Kathmandu: The construction cost of Kumaripati Square, a major commercial and residential complex being developed by some of Nepal’s biggest business houses, has been reduced following a redesign of the project.
The project is being undertaken through Urban Pentagon Company with an investment initially estimated at Rs 4.56 billion. However, the new plan has brought the cost down to Rs 4.36 billion after changes were made to the residential and commercial apartment model.
Initially, the project was to be built with a total investment of Rs 4.56 billion and a proposed built-up area of 222,322 square feet. With the revised design, the construction area has been trimmed down to 219,580 square feet, thereby reducing the overall expenditure.
Kumaripati Square is being spearheaded by prominent figures in Nepal’s business community, including IME Group Chairman and Federation of Nepalese Chambers of Commerce and Industry (FNCCI) President Chandra Dhakal, IMS Group Chairman and Nepal Chamber of Commerce Senior Vice President Deepak Malhotra, Panchakanya Group Managing Director Pradeep Kumar Shrestha, Omraj Bhandari of Brihat Investments, chartered accountant Narayan Bajaj, and entrepreneur Gyanendra Lal Pradhan.
The ownership structure of the project includes a 35 percent stake by Kumari Holdings Pvt. Ltd., 15 percent by IME Developers, and another 15 percent by Deepak Malhotra.
Remaining stakes are held by other individual investors. Initially, the company was registered under Urban Pentagon Pvt. Ltd. with an investment commitment of Rs 1.71 billion.

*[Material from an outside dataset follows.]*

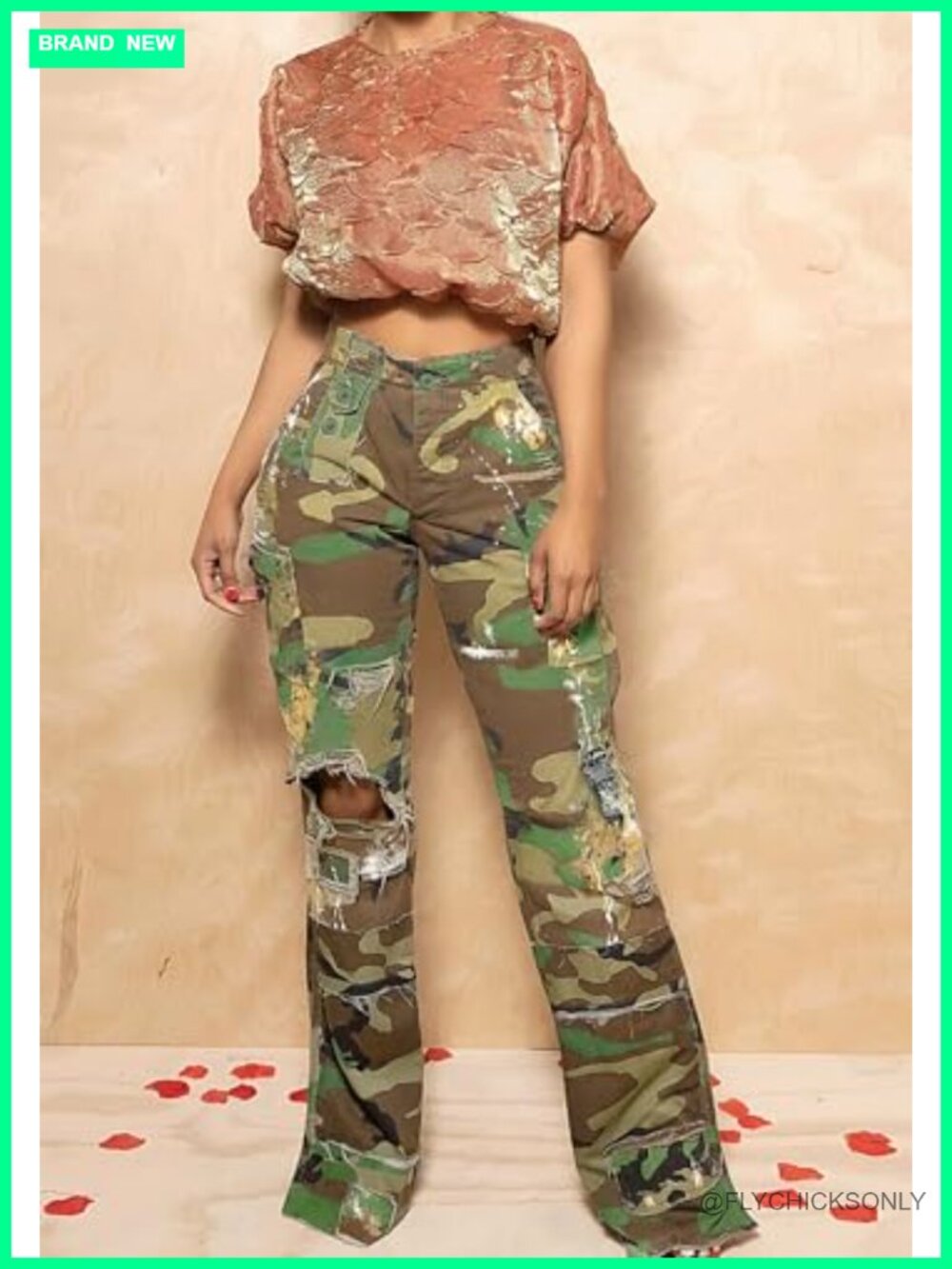 Distressed Camouflage Cargo Pants with Pockets High Rise Straight Leg - Picture 2 of 6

Under the new plan, the company aims to complete the project by 2028. It has secured both long-term and short-term loan ratings amounting to Rs 1.55 billion to finance the construction of residential and commercial apartments. These units are expected to be sold once completed.
At first, the plan was to build a 97,695-square-foot commercial complex with 120 retail shops. This was later revised to a larger mixed-use model covering 222,322 square feet, combining both residential and commercial units.
In the latest revision, the company has slightly reduced the built-up area while maintaining its mixed-use nature.
Of the total space, 48 percent will be allocated for lease/rental use while 52 percent will be sold as residential apartments.
Land acquisition for the project has already been completed, and the company has confirmed that the project will now proceed under a newly revised model.
The investment structure has been distributed in a ratio of 67:30:3, reflecting the capital and loan distribution strategy.